Это все, что я смог сказать твердым голосом. Споткнувшись об обман, я запутался во лжи. Неприятное сосущее чувство было очень знакомым. Вопрос Шан потряс меня больше, чем я показал ей. Действительно, откуда я знаю, что молодая Белая — курьер, а не послана по мою душу или за кем-то из нас? Ее сходство с молодым Шутом заставило меня привести ее в дом, и я даже не задумался, что она может представлять опасность. А потом положил ее в комнате, примыкающей к спальне дочери. А теперь Би сказала, что она пропала. И, скорее всего, бродит сейчас по поместью.
Шан была права. Я, знакомый с искусством интриги, определенно потерял хватку. Я лихорадочно соображал. Курьер сказала, что за ней охотятся. Что, если преследователи попали в Ивовый лес, захватили и увезли ее? В огромном старом доме это вполне возможно. Я видел ее раны. Мне казалось маловероятным, что она может представлять опасность для кого бы то ни было. И столь же маловероятно, что она просто решила сбежать, не доставив сообщение.
Тишина надолго повисла в комнате. Я посмотрел на Риддла.
— Я бы поел, — сказал тот неуверенно. Его взгляд двигался от Би к Шан и ко мне. В нем светилось недоумение.
— Превосходно, — я улыбнулся, как идиот. — Я сообщу об этом на кухню, а ты пока займи Шан. Она немного расстроена. Я пытался уверить ее, что она в безопасности. И ей здесь рады.
— Тепленькое приветствие, — ядовито заметила Би.
Я скрыл свое удивление и добавил:
— Я отведу Би в ее комнату. Кажется, ей не очень хорошо.
Я подошел к дочери, но она боком отступила от меня и подошла к двери.
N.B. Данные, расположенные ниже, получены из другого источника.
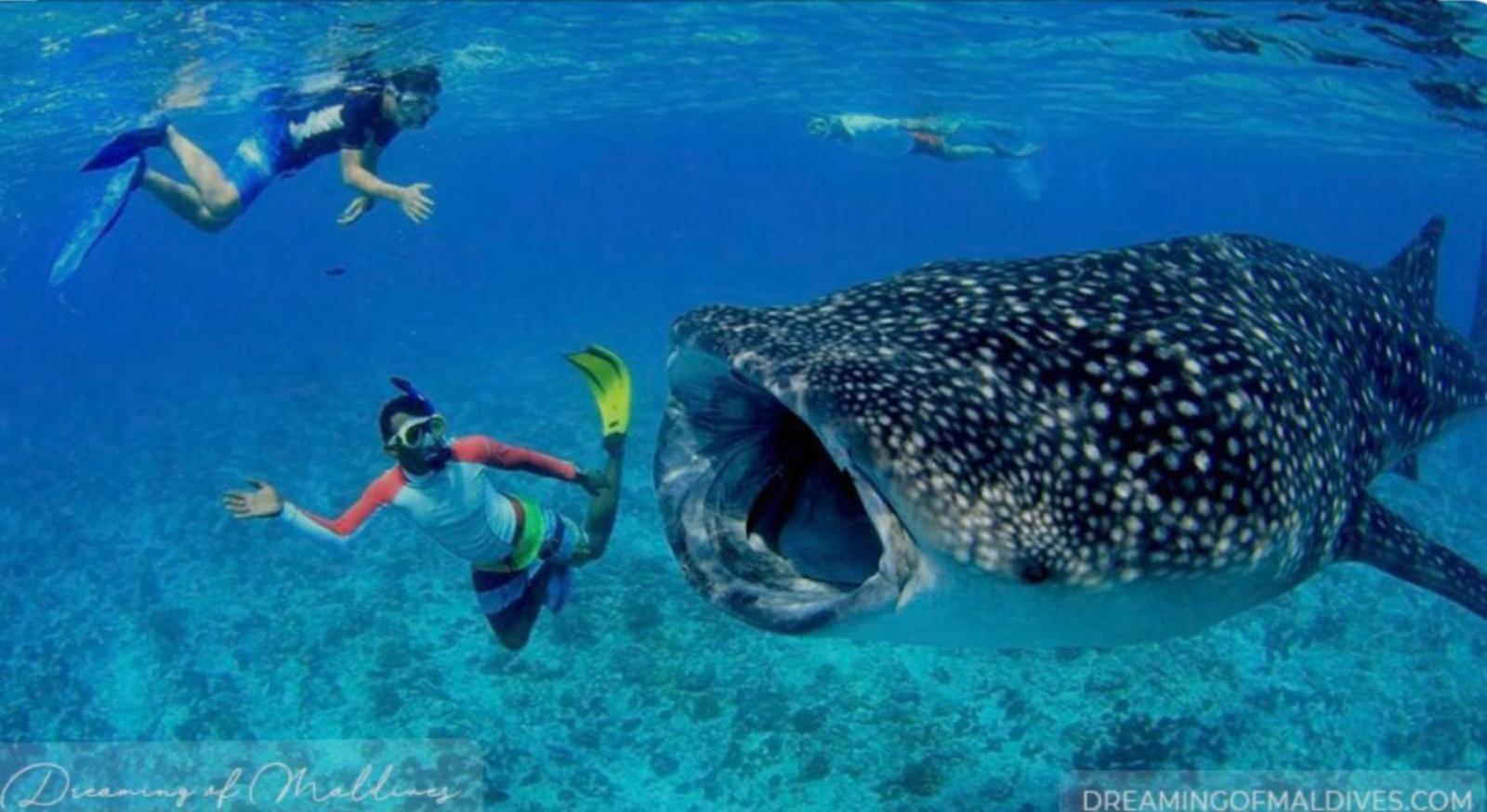 Ukulhas Villa Oceanview Hotel & Spa ภายนอก รูปภาพ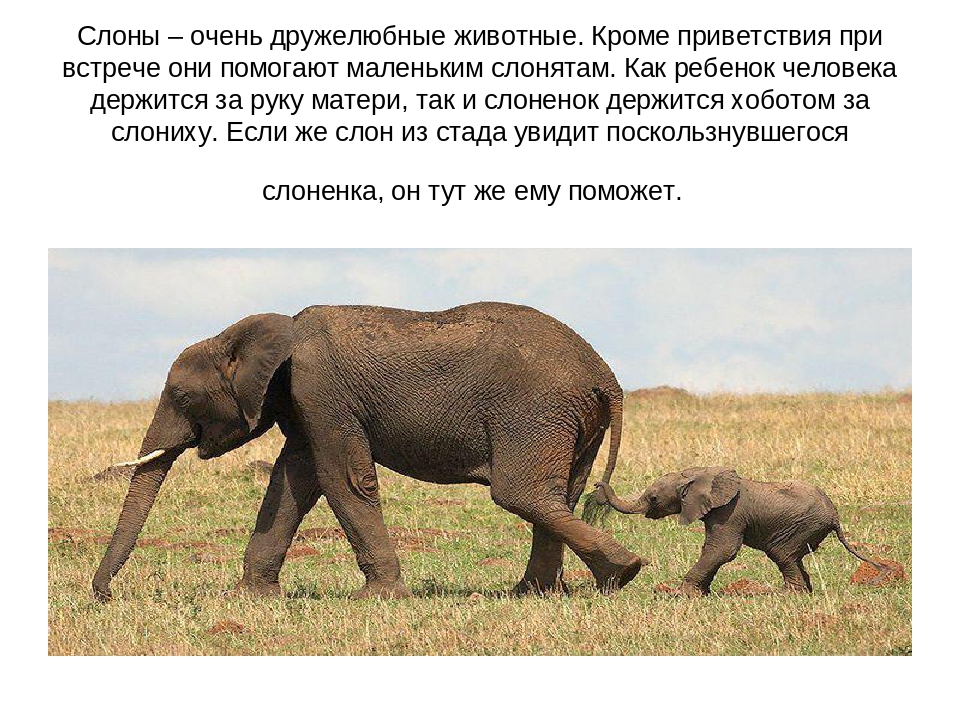 Слоновые истории. Сведения о слоне. Описание слона. Кратко о слонах. Сообщение о слоне.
Не успела дверь захлопнуться, как она повернулась ко мне. Я видел, как вздымается ее грудь, и, к моему ужасу, слезы навернулись на ее голубые глаза.
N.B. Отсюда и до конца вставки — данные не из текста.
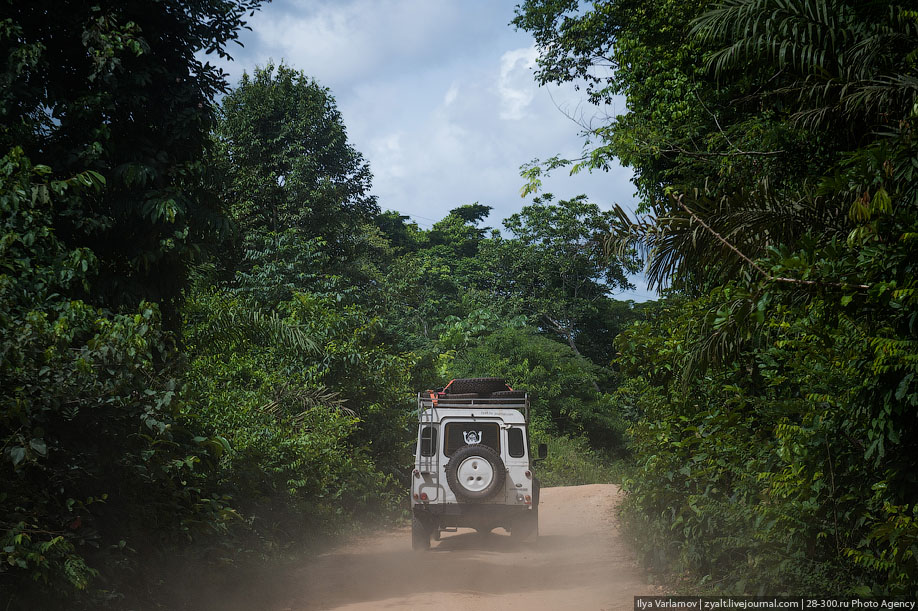 Дорога в Камерун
— Я только зашла, чтобы сказать тебе, что она ушла, и что же я вижу? Ты обнимаешь эту женщину! — обвинила она меня.
— Не здесь. Не сейчас. И ты ошибаешься. Сначала кухня.
На этот раз я успел схватить ее за узкое плечо и, несмотря на ее попытки вырваться, повел на кухню. Я коротко передал Тавии просьбу Риддла, и ушел так же быстро, как и появился, увлекая за собой Би.
— Твоя комната, — сказал я вполголоса. — Шагай. Держись рядом со мной. И молчи, пока не дойдем.
— Есть опасность?
— Ш-ш-ш.
— А что с Шан?
— С ней Риддл, и он более надежен, чем большинство людей с хорошей репутацией. Ты всегда у меня на первом месте. Тише!
Мой тон, наконец, утихомирил ее, и она даже стала красться рядом со мной, пока мы проходили по коридорам и вверх по лестнице. Когда мы подошли к двери комнаты, я взял ее за плечи и поставил спиной к стене.
— Оставайся здесь, — выдохнул я. — Не двигайся, пока я не позову тебя. А когда позову, заходи тихо и сразу встань слева от меня. Понимаешь?